Earlier this year, Kemp organised a BIM for Infrastructure Conference at the Royal Goegraphical Society as a special interest group of the Association for Geographic Information, UK, which was attended by over a hundred people from the construction and geospatial sectors. Based on the level of dialogue, recognition of common problems and the advantages of an integrated approach to solving them, Kemp thinks that we may be at the tipping point for the integration of these technologies. The vertical integration of companies like Trimble and Hexagon which are integrating geospatial into construction is further evidence that this trend is accelerating.

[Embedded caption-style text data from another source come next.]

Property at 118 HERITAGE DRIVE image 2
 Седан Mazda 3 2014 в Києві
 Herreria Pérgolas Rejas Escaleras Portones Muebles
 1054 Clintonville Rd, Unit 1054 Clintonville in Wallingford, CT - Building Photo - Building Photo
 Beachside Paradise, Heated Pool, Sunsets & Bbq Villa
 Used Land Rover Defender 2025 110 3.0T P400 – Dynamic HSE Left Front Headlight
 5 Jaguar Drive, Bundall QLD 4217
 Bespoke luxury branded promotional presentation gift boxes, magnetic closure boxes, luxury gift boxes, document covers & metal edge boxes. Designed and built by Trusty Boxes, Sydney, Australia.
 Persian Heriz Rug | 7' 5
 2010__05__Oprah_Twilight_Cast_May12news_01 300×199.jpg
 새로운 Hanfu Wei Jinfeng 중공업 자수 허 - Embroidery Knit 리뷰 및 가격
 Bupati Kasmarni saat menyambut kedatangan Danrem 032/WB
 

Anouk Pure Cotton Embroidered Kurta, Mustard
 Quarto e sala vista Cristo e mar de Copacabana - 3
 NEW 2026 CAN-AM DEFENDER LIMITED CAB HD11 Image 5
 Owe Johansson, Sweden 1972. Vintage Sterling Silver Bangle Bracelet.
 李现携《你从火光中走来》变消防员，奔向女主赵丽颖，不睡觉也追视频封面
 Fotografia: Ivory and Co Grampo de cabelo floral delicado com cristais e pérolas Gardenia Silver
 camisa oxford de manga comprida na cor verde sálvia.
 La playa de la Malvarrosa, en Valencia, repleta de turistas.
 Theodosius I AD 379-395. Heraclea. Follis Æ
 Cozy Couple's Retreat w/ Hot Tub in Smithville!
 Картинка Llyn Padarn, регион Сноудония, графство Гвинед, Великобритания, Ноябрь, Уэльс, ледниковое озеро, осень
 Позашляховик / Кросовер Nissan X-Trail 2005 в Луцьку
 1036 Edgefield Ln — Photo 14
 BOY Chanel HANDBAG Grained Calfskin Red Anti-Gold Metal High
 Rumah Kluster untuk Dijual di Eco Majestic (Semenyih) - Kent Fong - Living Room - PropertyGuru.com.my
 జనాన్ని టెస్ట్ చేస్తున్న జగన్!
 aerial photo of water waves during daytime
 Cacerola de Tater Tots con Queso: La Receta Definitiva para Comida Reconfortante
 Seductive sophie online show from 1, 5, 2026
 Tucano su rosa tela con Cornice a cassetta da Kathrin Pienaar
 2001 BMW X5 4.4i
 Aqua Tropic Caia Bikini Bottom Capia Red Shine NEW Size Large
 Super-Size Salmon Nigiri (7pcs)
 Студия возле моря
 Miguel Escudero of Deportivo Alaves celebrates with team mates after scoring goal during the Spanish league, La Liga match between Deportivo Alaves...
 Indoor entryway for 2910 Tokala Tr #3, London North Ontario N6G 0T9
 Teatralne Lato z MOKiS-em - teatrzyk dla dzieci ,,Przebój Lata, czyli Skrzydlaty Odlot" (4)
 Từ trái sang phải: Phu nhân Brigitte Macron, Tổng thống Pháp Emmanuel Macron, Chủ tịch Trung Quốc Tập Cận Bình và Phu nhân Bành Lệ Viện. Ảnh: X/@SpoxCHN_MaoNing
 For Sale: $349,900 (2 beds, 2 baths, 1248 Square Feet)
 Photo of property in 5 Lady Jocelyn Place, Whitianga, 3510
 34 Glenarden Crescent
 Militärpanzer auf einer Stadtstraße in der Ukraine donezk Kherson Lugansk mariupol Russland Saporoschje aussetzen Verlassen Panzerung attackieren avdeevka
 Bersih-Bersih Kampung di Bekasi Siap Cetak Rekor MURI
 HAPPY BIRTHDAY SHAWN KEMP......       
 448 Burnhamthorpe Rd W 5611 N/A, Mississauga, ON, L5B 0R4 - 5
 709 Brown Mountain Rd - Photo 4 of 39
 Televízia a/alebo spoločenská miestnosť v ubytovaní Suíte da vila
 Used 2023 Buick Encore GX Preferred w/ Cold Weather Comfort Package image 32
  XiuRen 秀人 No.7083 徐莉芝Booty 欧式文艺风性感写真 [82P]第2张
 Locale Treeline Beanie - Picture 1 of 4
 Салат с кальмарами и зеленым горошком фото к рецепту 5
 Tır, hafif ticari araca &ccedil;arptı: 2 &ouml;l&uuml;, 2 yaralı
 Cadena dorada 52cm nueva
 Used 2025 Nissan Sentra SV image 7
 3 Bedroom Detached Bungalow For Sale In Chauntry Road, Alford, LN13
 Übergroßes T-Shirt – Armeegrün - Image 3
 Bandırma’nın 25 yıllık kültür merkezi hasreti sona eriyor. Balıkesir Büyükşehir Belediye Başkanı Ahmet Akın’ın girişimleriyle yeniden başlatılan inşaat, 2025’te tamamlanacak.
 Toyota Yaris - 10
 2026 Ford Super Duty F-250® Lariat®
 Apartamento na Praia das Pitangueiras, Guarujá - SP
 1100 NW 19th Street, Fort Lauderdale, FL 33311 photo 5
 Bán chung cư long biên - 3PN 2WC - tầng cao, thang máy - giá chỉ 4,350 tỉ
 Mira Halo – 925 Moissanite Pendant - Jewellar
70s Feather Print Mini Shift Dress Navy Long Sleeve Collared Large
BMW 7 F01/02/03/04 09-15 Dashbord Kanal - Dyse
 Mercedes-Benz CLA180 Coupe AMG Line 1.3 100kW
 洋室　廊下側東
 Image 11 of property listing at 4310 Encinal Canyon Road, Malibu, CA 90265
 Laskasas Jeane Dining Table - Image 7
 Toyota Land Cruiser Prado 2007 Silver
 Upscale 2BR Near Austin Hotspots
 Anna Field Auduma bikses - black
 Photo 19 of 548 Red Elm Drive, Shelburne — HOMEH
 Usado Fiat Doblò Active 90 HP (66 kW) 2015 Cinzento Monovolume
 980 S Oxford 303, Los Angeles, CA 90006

Kemp wasn’t the first one to speak on this topic. The need to integrate geospatial and engineering design has been gaining traction for some time now. At this year’s Geodesign Summit, organised by Esri, Carl Steinitz of Harvard’s Department of Landscape Architecture made the case that addressing the key global issues will require a new level of cross-disciplinary collaboration: “It is clear that for serious societal and environmental issues, designing for change cannot be a solitary activity. Rather, it is inevitably a collaborative endeavour, with participants from various design professions and geographic sciences, linked by technology from several locations for rapid communication and feedback, and reliant on transparent communication with the people of the place who are also direct participants.”
Building information modelling
One of the major technology trends that is set to transform the world’s construction industry is building information modelling (BIM). A widely recognised definition of BIM is: “it is a digital representation of physical and functional characteristics of a facility creating a shared knowledge resource for information about it forming a reliable basis for decisions during its life cycle, from earliest conception to demolition.”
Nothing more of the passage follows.